Репутация «борца за свободу» была необычайно важна для легитимации многих политических лидеров – в этом отношении Керенский не стал исключением. Однако его жизненный путь привлекал особое внимание издателей и читателей: ни один другой деятель той поры не мог похвастаться таким количеством брошюр, посвященных его биографии. Репутация «народного трибуна», боровшегося со «старым режимом», слава «пророка», провозглашавшего грядущий крах монархии, – все это подтверждало статус вождя. В целом же при описании биографий разных политиков революционной поры использовались схожие приемы, порой – одинаковые риторические обороты, разработанные поколениями участников освободительного движения. И Керенский, и некоторые другие политические лидеры эпохи революции характеризовались как «борцы за свободу», а их пригодные к политическому употреблению жизнеописания представали частью сакрализованной истории освободительного движения, истории, которая становилась основой политики памяти революционной России.

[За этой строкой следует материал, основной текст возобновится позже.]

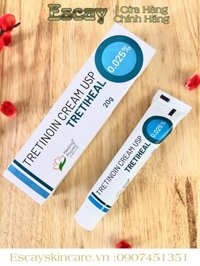 Tretinoin cream USP TRETIHEAL 20g 0.025% giúp trẻ hoá da, sáng da, ngừa mụn             (tretiheal 0.025%)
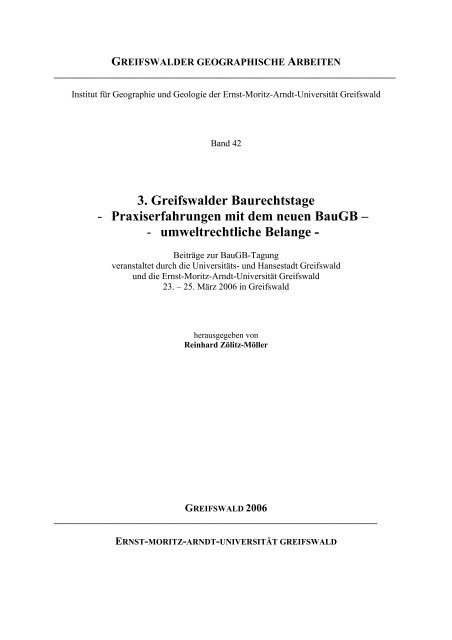 umweltrechtliche Belange - Ernst-Moritz-Arndt-Universität Greifswald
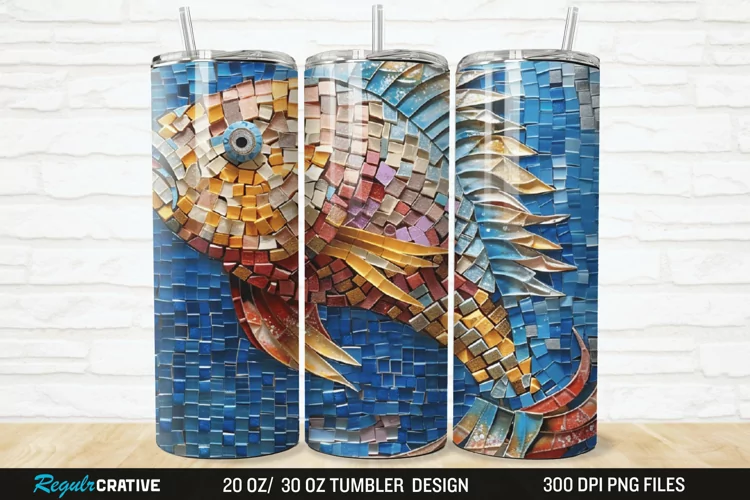 3D Mosaic Tile Fish 20/30oz Skinny Tumbler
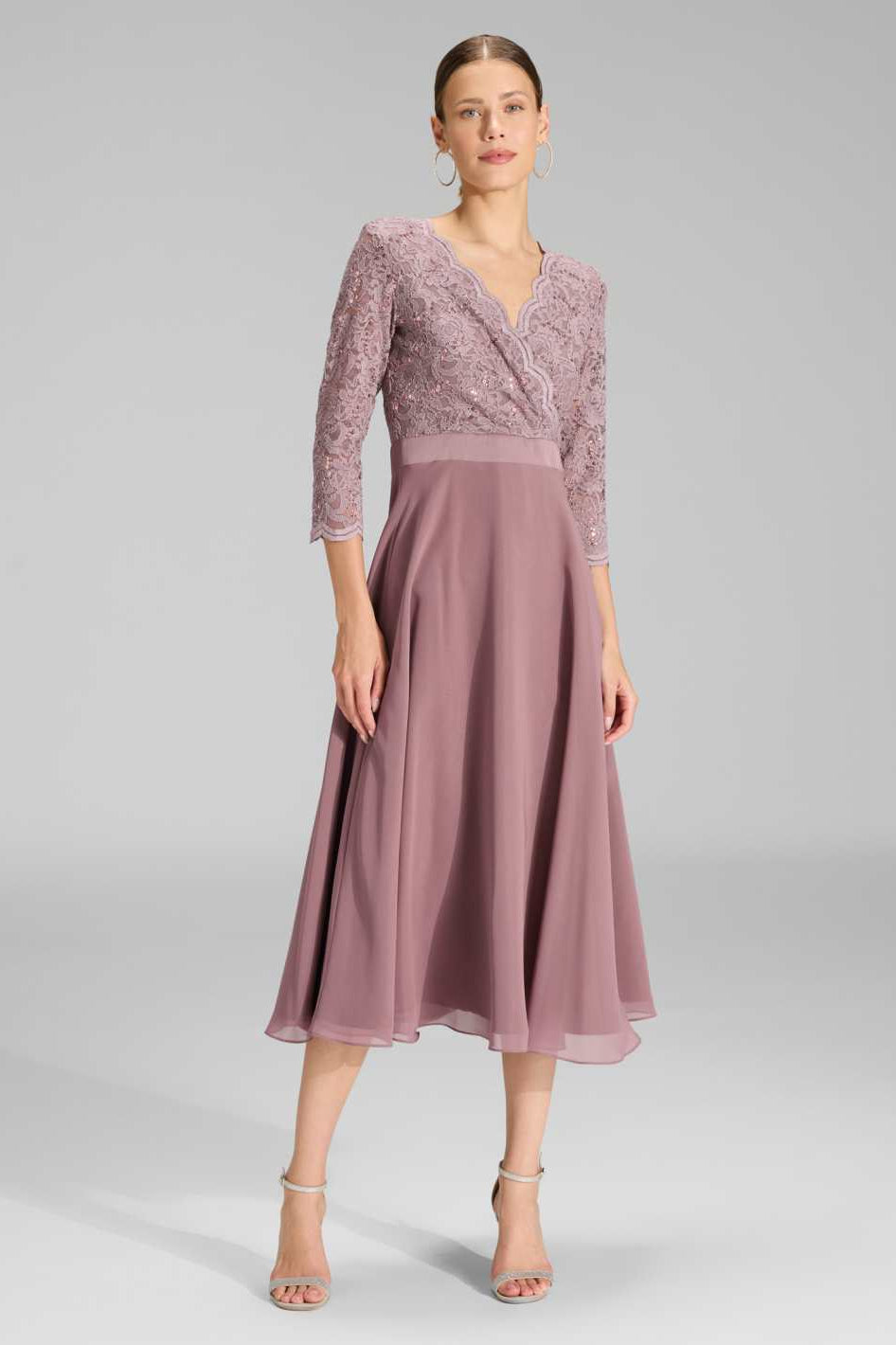 Cocktailkleid aus Material-Mix mauve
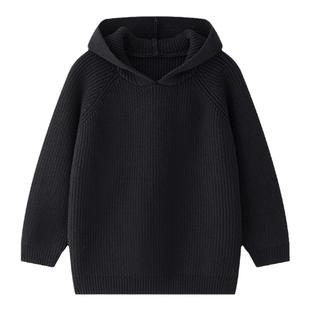 虾酱麻麻男童毛衣冬装2025新款男孩卫衣黑色加厚儿童连帽针织衫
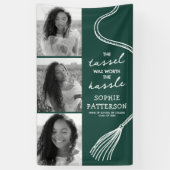 Afstudeerder Tassel 3 Foto Groen Afstuderen Spandoek (Verticaal)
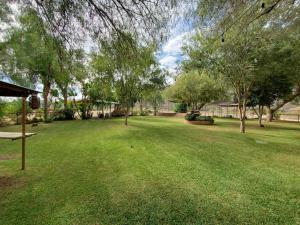 a park with trees and a bench in the grass at Casa Luna Viñedo in Valle de Guadalupe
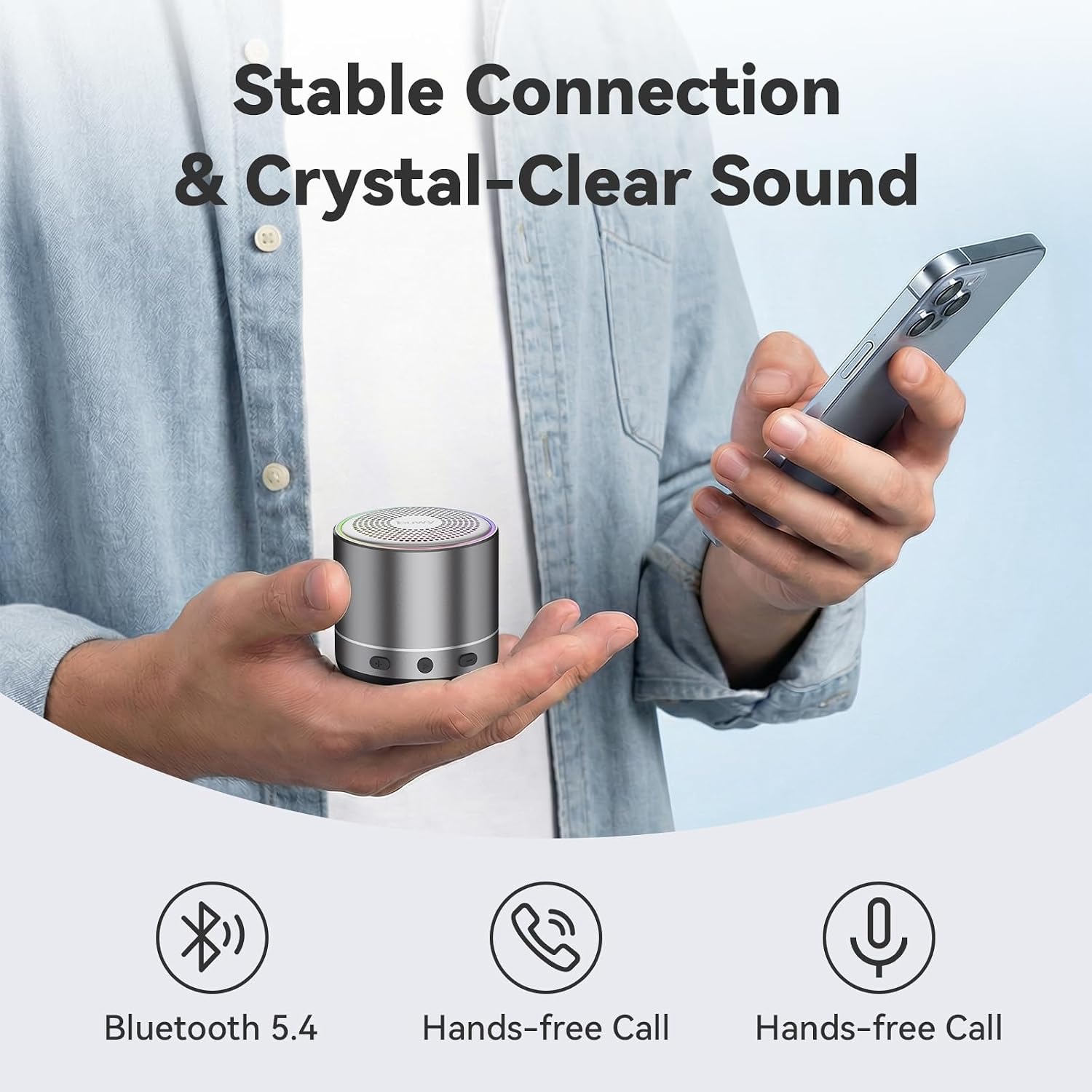 Detalle de buwy Mini Bluetooth-Lautsprecher – 83 g, IPX7, Bluetooth 5.4, RGB-Lichteffekte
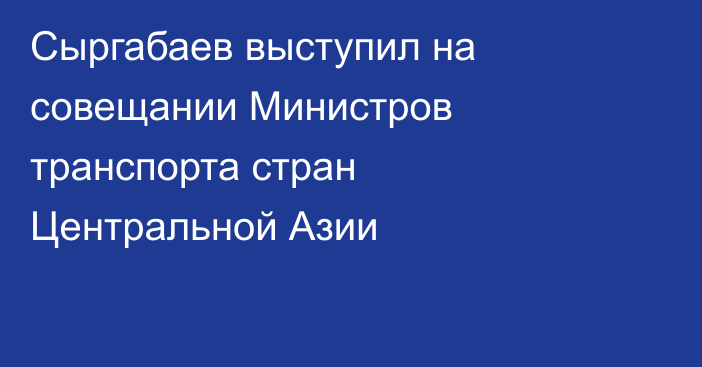 Сыргабаев выступил на совещании Министров транспорта стран Центральной Азии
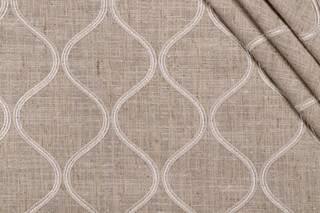 PK Lifestyles Griffith Embroidered Drapery Fabric in Flaxen 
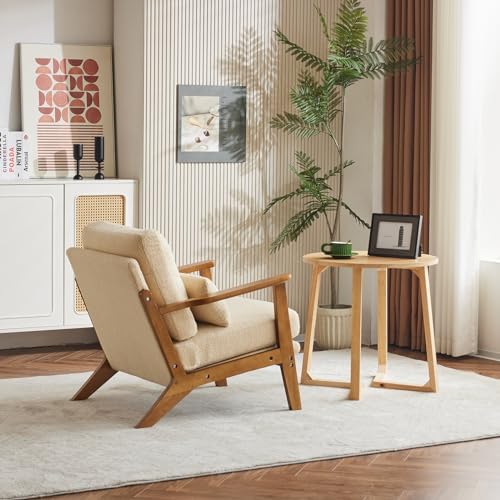 Karl home Mid-Century Lounge Accent Chair, Khaki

Вступление Керенского во Временное правительство в качестве министра юстиции потребовало поиска особых форм репрезентации власти. Образы «министра народной правды», «демократического министра» диктовали необходимость использования новой риторики, новых, «демократических» жестов и ритуалов. Керенский отвергал те предлагавшиеся ему образы, которые открыто напоминали собой «старый режим», хотя впоследствии это не спасло его от критиков, сравнивавших поступки революционного министра и последнего царя.
Особая атмосфера «праздника революции», казавшаяся всеобщей эйфория по поводу свержения монархии породили своеобразный политический стиль, ярким выражением которого стали публичные выступления Керенского. В них переплетались элементы политической традиции революционного подполья, публичной политики эпохи Государственной думы и художественной культуры Серебряного века, испытавшей на себе воздействие ницшеанства. Впоследствии многим мемуаристам, писателям и историкам это сочетание казалось эклектичным, неестественным, пошлым. Да и весь революционный энтузиазм мартовских дней, проявлявшийся в эмоциональной эстетизации политики, порождал задним числом немало критических и иронических замечаний. Однако в условиях той поры такое массовое воодушевление представляло собой колоссальный политический ресурс, и «театральные» выступления Керенского, репрезентации, вполне адекватные восторженному настроению и политической культуре его аудитории, позволяли политику провоцировать, оформлять, усиливать, направлять и использовать в своих целях этот энтузиазм.
Многое в действиях Керенского определялось расстановкой основных политических сил. За ним не стояла какая-либо большая политическая организация, даже в «своей» партии социалистов-революционеров он не находил всеобщей и полной поддержки. Поэтому судьба «революционного министра» зависела от прочности коалиции умеренных социалистов и либералов, которая на языке той поры, отражавшем культурную гегемонию социалистов, именовалась соглашением «демократии» и «буржуазии». Это объединение – оно также называлось объединением всех «живых сил» страны – не только вполне соответствовало принципиальным убеждениям Керенского, желавшего предотвратить гражданскую войну, продолжая участвовать в мировой войне, но и отвечало его тактическим политическим интересам: вне коалиции, в центре которой находился бы он сам, Керенский не имел шансов быть лидером национального масштаба. Соответственно, он постоянно стремился создавать, поддерживать, воссоздавать данную коалицию, что влияло на его репрезентации, на оформление образа вождя.